A instabilidade laboral tem um nome que se dá na discussão europeia, que é a segmentação do mercado de trabalho, a excessiva segmentação do mercado de trabalho. E até há as recomendações que no âmbito do semestre europeu, do processo europeu, são feitas a Portugal e que apontam para a necessidade de reduzir essa segmentação. Depois há duas formas de olhar essa redução: uma é a que aponta para uma diminuição, para uma flexibilização dos contratos sem termo e outra que aponta para uma redução da dimensão e do impacto que tem a contratação a prazo no nosso país. Esta é a nossa, mas existe a outra, nós não fomos por esse caminho, se tivéssemos ido, isso sim, estaríamos a prosseguir o caminho do passado, mas não, este acordo aponta no sentido contrário: reduz a duração dos contratos a termo, reduz as razões para existirem contratos a termo, promove a contratação sem termo, promove a negociação coletiva, tem toda uma lógica que eu diria, com toda a segurança, tem tudo a ver com uma mudança progressista.
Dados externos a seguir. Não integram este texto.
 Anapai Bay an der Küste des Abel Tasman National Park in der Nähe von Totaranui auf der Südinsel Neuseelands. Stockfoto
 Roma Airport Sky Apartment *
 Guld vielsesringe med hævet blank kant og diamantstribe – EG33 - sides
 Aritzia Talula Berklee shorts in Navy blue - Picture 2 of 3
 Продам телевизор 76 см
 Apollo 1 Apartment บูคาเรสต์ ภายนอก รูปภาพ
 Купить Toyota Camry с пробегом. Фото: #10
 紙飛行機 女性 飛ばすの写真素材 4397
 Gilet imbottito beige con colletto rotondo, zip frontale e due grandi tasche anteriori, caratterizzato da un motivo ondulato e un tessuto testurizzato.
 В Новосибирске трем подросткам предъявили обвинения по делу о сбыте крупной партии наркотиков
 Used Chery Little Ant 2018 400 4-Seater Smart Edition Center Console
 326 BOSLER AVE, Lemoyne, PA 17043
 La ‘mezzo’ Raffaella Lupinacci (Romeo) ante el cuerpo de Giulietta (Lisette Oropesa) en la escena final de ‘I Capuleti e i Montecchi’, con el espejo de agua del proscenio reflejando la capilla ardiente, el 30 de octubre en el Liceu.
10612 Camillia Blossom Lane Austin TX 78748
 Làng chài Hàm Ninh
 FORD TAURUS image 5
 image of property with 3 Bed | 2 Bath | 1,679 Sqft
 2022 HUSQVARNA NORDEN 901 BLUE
É verdade que sustentável tem tudo a ver com isso e nada a ver com as políticas do passado.
Não teme que o alargamento do período experimental de 90 para 180 dias venha a ser travado no Tribunal Constitucional, tal como foi em 2008? O que é que muda agora em relação à versão de alteração que também foi proposta por si - também estava ao leme desta área da governação quando o tribunal a chumbou -, há alguma diferença que garanta que isto agora passa?
Julgo que sim. Em primeiro lugar, os 180 dias propostos que, aliás, estão agora em discussão na Comissão Europeia como o valor de referência, o valor máximo, podendo depois os países ultrapassar os 180 dias em situações especiais. É, portanto, o que está a ser discutido na União Europeia, desse ponto de vista não estamos longe do que acontece nas normas europeias. Agora, o que a proposta que foi aprovada na Assembleia da República fez neste caso, foi transformar os 180 dias na norma para o período experimental. O que nós fazemos nesta proposta não é isso.
Em Portugal celebram-se centenas de milhares de contratos todos os anos, mas são de natureza diferente, porque uns são de pessoas que mudaram de empresa, de atividade, e esses são umas centenas de milhares, outros são de pessoas que entram ou reentram no mercado de trabalho. São dois tipos de situação, são dois tipos de ligação que se cria entre o empregador e o trabalhador. Há um aspeto extremamente importante, as pessoas dizem: então vão mudar o período experimental de 90 dias para 180 dias? Mas o período experimental verdadeiro não era de 90 dias, isso é uma ilusão. Porque eu já apresentei os dados do último ano dos novos trabalhadores que foram inscritos na Segurança Social ou daqueles que regressaram depois de muitos anos fora e 86% fizeram-no com contrato a termo, nem utilizaram o período experimental. Portanto, o verdadeiro período experimental que existia para muitas empresas - e isso é errado - era o contrato a prazo. Isso vai deixar de ser possível porque a possibilidade de contratar a prazo só porque se é alguém à procura do primeiro emprego, desaparece da lei.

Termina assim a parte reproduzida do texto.